Rob S. Pierre looked down at the stretcher. "Will it endanger her life?" he said.

"No, Sir," the medtech said unwillingly.

"Then I insist." He stepped back.

Esther McQueen's eyes opened, and she sighed once in blissful relief; the stretcher's lights blinked as it swept away her pain. Her eyes moved.

"Gerrard?" she said, her voice faint but steady. The Marine went to one knee and looked at her, his face warring between relief and revulsion. "The butcher's bill?"

"Light, Skipper," he said. "By the time we hit them they were running on empty; the Chairman's Guard bled them bad."

"Ship?"

"Some damage, but Citizen Pierre called them off in time."

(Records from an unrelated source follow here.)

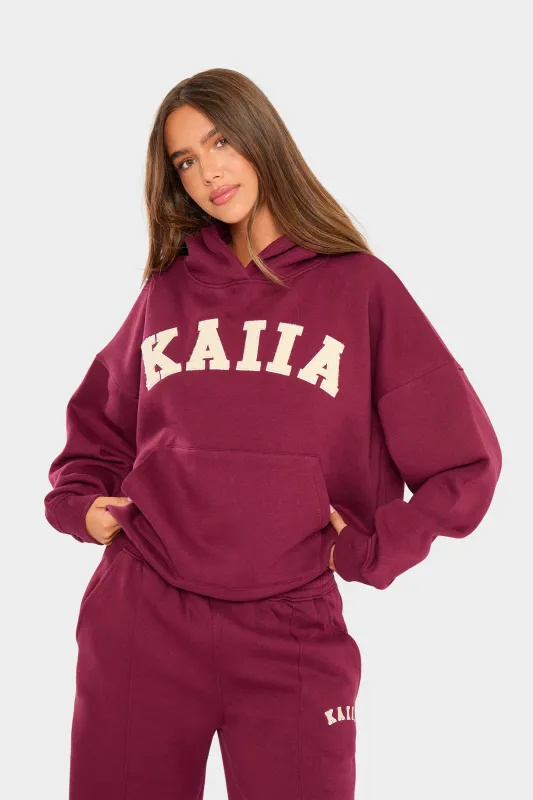 Kaiia Borg Slogan Oversized Hoodie Burgundy & Cream sold by Kaiia the label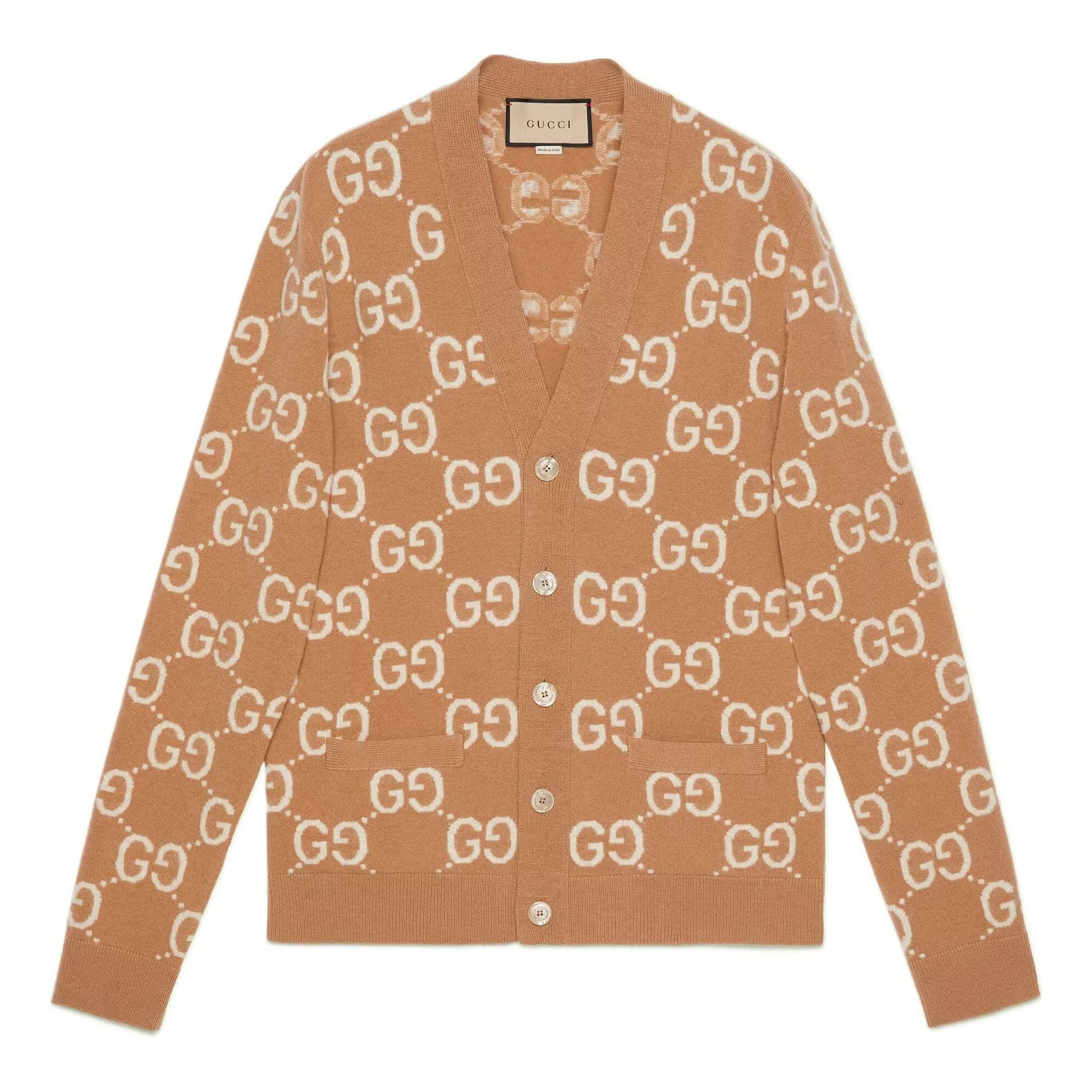 

Кардиган Gucci GG Wool Jacquard Cardigan 'Camel Ivory' 694758-XKCC5-2296, бежевый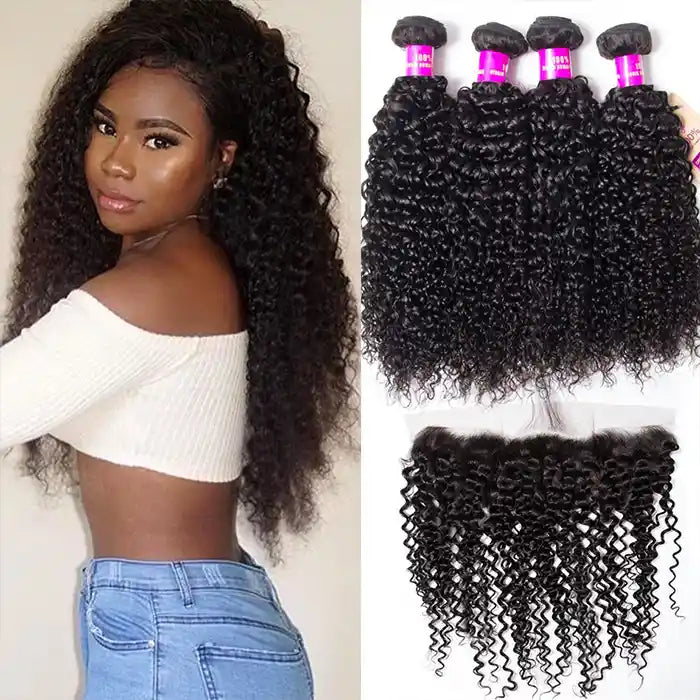 Adjustable - cap lace wig for a comfortable fitHuman Hair Curly 3bundles with frontal HD Lace Frontal 13x4 13x6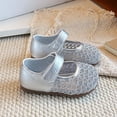 thumbnail image 6 of Gpaecead Girls Woven Mary Jane Flat Shoes Closed Toe Soft Sole Hook And Loop Adjustable Spring Summer Casual Shoes,Gray, 6 of 6
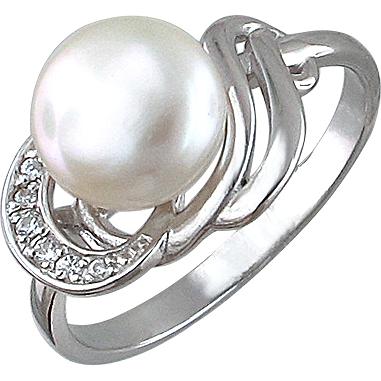 Кольцо с жемчугом и фианитами из серебра (арт. 843316)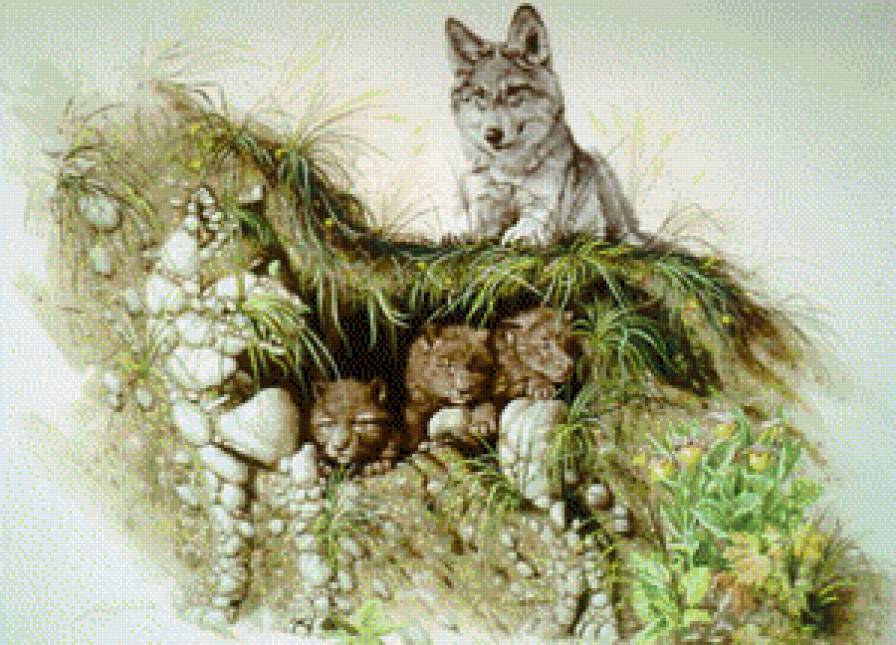 Иллюзия - природа, искусство, живопись, картина, звери, иллюзия, волки, животные - предпросмотр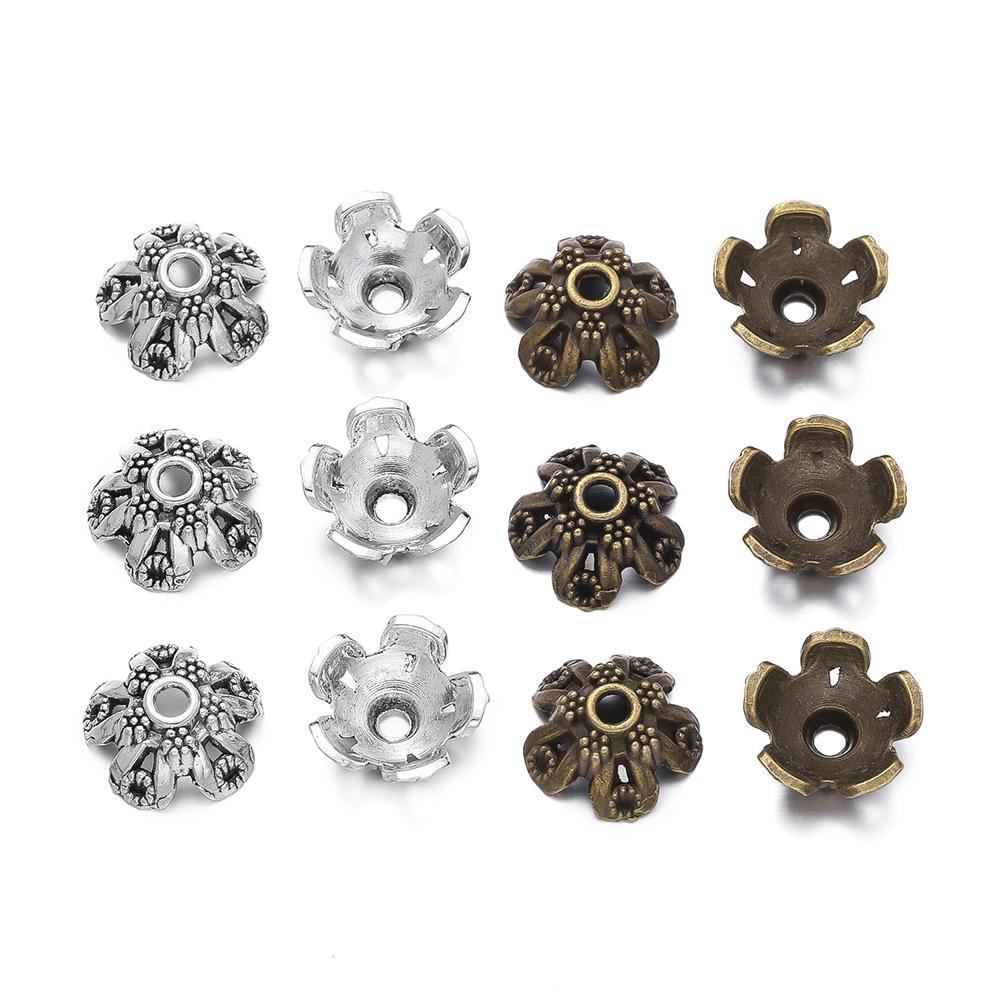 10pcs/Lot Antique Silver Color Alloy Leaf Flowers Bead End Caps for Jewelry Making Needlework Spacer Bead Caps DIY Accessories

She nodded again, and the Chairman of the Committee of Public Safety stepped forward. "Citizen Admiral McQueen," he said. "The People's Republic, the Committee, and I myself are in your debt. Your prompt action . . . we'll talk more about this later. I already intended to have an interview with you today, but tomorrow will do just as well."

"Thank you . . . Sir," she said. The eyes began to wander again, and he stepped back and motioned the techs to take her away.

He looked around the wreckage of the Committee's tower. The other members were dispersing about their various tasks; it would be some time before they got this mess cleaned up and returned to the agenda he'd intended to spend the day on.